MLServer icon indicating copy to clipboard operation
MLServer copied to clipboard

Allow payload request to support extra inference method kwargs

Open nanbo-liu opened this issue 2 years ago • 6 comments

from transformers import LlamaForCausalLM, AutoTokenizer, TextGenerationPipeline
model = LlamaForCausalLM.from_pretrained("daryl149/llama-2-7b-hf",load_in_8bit=True)
tokenizer = AutoTokenizer.from_pretrained("daryl149/llama-2-7b-hf")
pipeline = TextGenerationPipeline(model, tokenizer)
pipeline("Once upon a time,", max_new_tokens=100,return_full_text=False)

max_new_tokens and return_full_text are extra arguments we can passed into pipeline's predict method. max_new_tokens represent maximum numbers of tokens to generate, ignoring the number of tokens in the prompt.

whish they can be passed into the payload request something like:

{
    "inputs": [
        {
            "name": "text_inputs",
            "shape": [1],
            "datatype": "BYTES",
            "data": ["My kitten's name is JoJo,","Tell me a story:"],
        }
    ],
    "inference_kwargs": {
        "max_new_tokens": 200,
    },
}

nanbo-liu avatar Aug 23 '23 19:08 nanbo-liu

@adriangonz ,I have a PR for this issue too.https://github.com/SeldonIO/MLServer/pull/1418

nanbo-liu avatar Sep 29 '23 14:09 nanbo-liu

Hey @nanbo-liu ,

As discussed in #1418, we don't have much control over the shape of InferenceRequest, which is kept quite agnostic from specific use cases.

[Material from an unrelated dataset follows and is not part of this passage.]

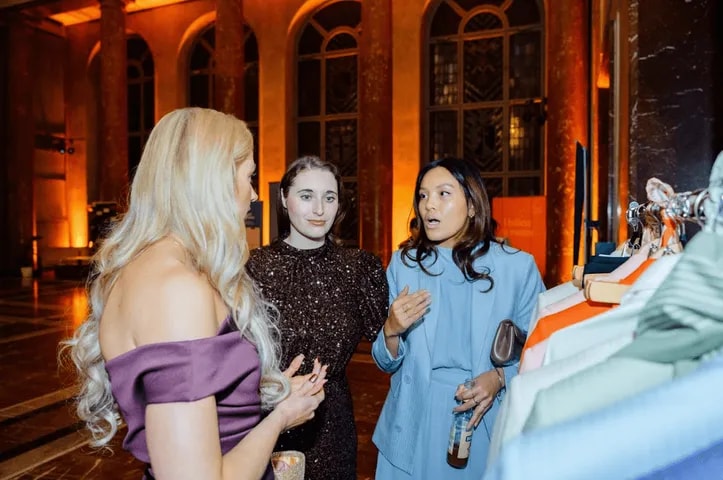Three guests laughing together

However, the good news are that InferenceRequest objects already contain a parameters field that can be used to specify arbitrary parameters. Would this not be enough for your use case?

Following your example, you could have something like:

{
    "inputs": [
        {
            "name": "text_inputs",
            "shape": [1],
            "datatype": "BYTES",
            "data": ["My kitten's name is JoJo,","Tell me a story:"],
        }
    ],
    "parameters": {
        "max_new_tokens": 200,
    },
}

adriangonz avatar Oct 03 '23 13:10 adriangonz

Hi @adriangonz, we are still running into an issue with this. The python code works fine for passing in new tokens via kwarg or in a config like you listed above when using the mlserver code but when we do a POST via python requests to the "http://localhost:8080/v2/models/transformer/infer" endpoint, the parameters seem to be dropped on the decode step in the predict function in mlserver_huggingface/runtime.py on line 39:

async def predict(self, payload: InferenceRequest) -> InferenceResponse:
        # TODO: convert and validate?
        kwargs = HuggingfaceRequestCodec.decode_request(payload)
        args = kwargs.pop("args", [])

        array_inputs = kwargs.pop("array_inputs", [])
        if array_inputs:
            args = [list(array_inputs)] + args
        
        prediction = self._model(*args, **kwargs)

        return self.encode_response(
            payload=prediction, default_codec=HuggingfaceRequestCodec
        )

We could potentially just extract any parameter kwargs from the payload request and append them to the kwargs list?

a-palacios avatar Oct 03 '23 15:10 a-palacios

We have the same issue and we don't know how to solve it. How can we enable such parameters?

rivamarco avatar Oct 09 '23 11:10 rivamarco

Ah I see... that would need some changes to the HF runtime to take into account what's passed via the parameters field - along the lines of what @a-palacios described.

In order to avoid using by mistake other fields of the parameters object, it should probably try to whitelist well known arg names though.

adriangonz avatar Oct 09 '23 12:10 adriangonz

@adriangonz , I opened up another PR for this: https://github.com/SeldonIO/MLServer/pull/1505

nanbo-liu avatar Dec 05 '23 23:12 nanbo-liu